Directions for this task: In the listing below, the answer starts at the line that has "Charming house near" and stops after the line that has "Nova camisa básica"; please repeat that part exactly and nothing more.
+===+
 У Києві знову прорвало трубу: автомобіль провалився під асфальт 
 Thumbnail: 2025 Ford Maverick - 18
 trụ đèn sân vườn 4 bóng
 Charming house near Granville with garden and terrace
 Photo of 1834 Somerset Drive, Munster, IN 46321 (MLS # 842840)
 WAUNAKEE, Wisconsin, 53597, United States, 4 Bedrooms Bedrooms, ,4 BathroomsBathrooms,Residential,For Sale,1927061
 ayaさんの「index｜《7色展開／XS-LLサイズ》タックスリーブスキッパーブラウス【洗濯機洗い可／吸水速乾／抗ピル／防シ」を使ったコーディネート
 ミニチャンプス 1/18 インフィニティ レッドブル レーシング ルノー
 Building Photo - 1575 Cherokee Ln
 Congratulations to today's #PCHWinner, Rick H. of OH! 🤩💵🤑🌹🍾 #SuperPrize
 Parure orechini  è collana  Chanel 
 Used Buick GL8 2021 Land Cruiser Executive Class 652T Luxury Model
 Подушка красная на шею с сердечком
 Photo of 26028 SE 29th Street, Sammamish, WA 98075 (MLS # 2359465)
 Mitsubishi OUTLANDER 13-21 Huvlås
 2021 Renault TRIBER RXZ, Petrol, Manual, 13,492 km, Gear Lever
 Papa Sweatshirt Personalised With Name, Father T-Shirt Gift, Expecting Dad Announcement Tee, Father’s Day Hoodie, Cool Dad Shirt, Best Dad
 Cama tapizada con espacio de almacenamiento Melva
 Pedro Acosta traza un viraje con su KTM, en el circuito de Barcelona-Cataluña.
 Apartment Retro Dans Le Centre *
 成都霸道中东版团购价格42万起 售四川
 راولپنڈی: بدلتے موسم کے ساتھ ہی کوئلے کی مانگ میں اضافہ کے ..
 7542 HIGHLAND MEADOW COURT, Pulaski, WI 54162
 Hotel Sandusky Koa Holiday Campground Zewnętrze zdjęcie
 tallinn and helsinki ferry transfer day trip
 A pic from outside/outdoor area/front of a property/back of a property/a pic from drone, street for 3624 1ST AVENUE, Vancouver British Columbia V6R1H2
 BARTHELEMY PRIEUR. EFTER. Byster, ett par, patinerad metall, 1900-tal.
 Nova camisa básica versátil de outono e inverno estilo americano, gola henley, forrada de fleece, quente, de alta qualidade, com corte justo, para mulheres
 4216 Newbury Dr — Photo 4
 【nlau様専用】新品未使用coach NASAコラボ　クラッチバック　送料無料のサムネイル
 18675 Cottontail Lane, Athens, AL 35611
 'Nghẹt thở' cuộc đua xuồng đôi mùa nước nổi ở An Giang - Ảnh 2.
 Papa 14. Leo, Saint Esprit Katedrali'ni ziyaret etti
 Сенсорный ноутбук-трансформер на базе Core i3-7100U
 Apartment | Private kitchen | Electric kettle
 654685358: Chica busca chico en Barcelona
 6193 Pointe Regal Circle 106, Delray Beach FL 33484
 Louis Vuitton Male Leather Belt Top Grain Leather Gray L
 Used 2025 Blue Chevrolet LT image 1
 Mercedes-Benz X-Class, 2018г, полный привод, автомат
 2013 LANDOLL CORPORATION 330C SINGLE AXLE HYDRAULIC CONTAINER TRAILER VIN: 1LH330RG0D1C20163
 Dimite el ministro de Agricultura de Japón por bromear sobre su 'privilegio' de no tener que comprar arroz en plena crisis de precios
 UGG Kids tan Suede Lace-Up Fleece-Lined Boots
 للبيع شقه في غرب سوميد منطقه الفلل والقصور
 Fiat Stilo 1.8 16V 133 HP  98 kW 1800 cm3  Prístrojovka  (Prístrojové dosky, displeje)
+===+
Response to the task:
 Charming house near Granville with garden and terrace
 Photo of 1834 Somerset Drive, Munster, IN 46321 (MLS # 842840)
 WAUNAKEE, Wisconsin, 53597, United States, 4 Bedrooms Bedrooms, ,4 BathroomsBathrooms,Residential,For Sale,1927061
 ayaさんの「index｜《7色展開／XS-LLサイズ》タックスリーブスキッパーブラウス【洗濯機洗い可／吸水速乾／抗ピル／防シ」を使ったコーディネート
 ミニチャンプス 1/18 インフィニティ レッドブル レーシング ルノー
 Building Photo - 1575 Cherokee Ln
 Congratulations to today's #PCHWinner, Rick H. of OH! 🤩💵🤑🌹🍾 #SuperPrize
 Parure orechini  è collana  Chanel 
 Used Buick GL8 2021 Land Cruiser Executive Class 652T Luxury Model
 Подушка красная на шею с сердечком
 Photo of 26028 SE 29th Street, Sammamish, WA 98075 (MLS # 2359465)
 Mitsubishi OUTLANDER 13-21 Huvlås
 2021 Renault TRIBER RXZ, Petrol, Manual, 13,492 km, Gear Lever
 Papa Sweatshirt Personalised With Name, Father T-Shirt Gift, Expecting Dad Announcement Tee, Father’s Day Hoodie, Cool Dad Shirt, Best Dad
 Cama tapizada con espacio de almacenamiento Melva
 Pedro Acosta traza un viraje con su KTM, en el circuito de Barcelona-Cataluña.
 Apartment Retro Dans Le Centre *
 成都霸道中东版团购价格42万起 售四川
 راولپنڈی: بدلتے موسم کے ساتھ ہی کوئلے کی مانگ میں اضافہ کے ..
 7542 HIGHLAND MEADOW COURT, Pulaski, WI 54162
 Hotel Sandusky Koa Holiday Campground Zewnętrze zdjęcie
 tallinn and helsinki ferry transfer day trip
 A pic from outside/outdoor area/front of a property/back of a property/a pic from drone, street for 3624 1ST AVENUE, Vancouver British Columbia V6R1H2
 BARTHELEMY PRIEUR. EFTER. Byster, ett par, patinerad metall, 1900-tal.
 Nova camisa básica versátil de outono e inverno estilo americano, gola henley, forrada de fleece, quente, de alta qualidade, com corte justo, para mulheres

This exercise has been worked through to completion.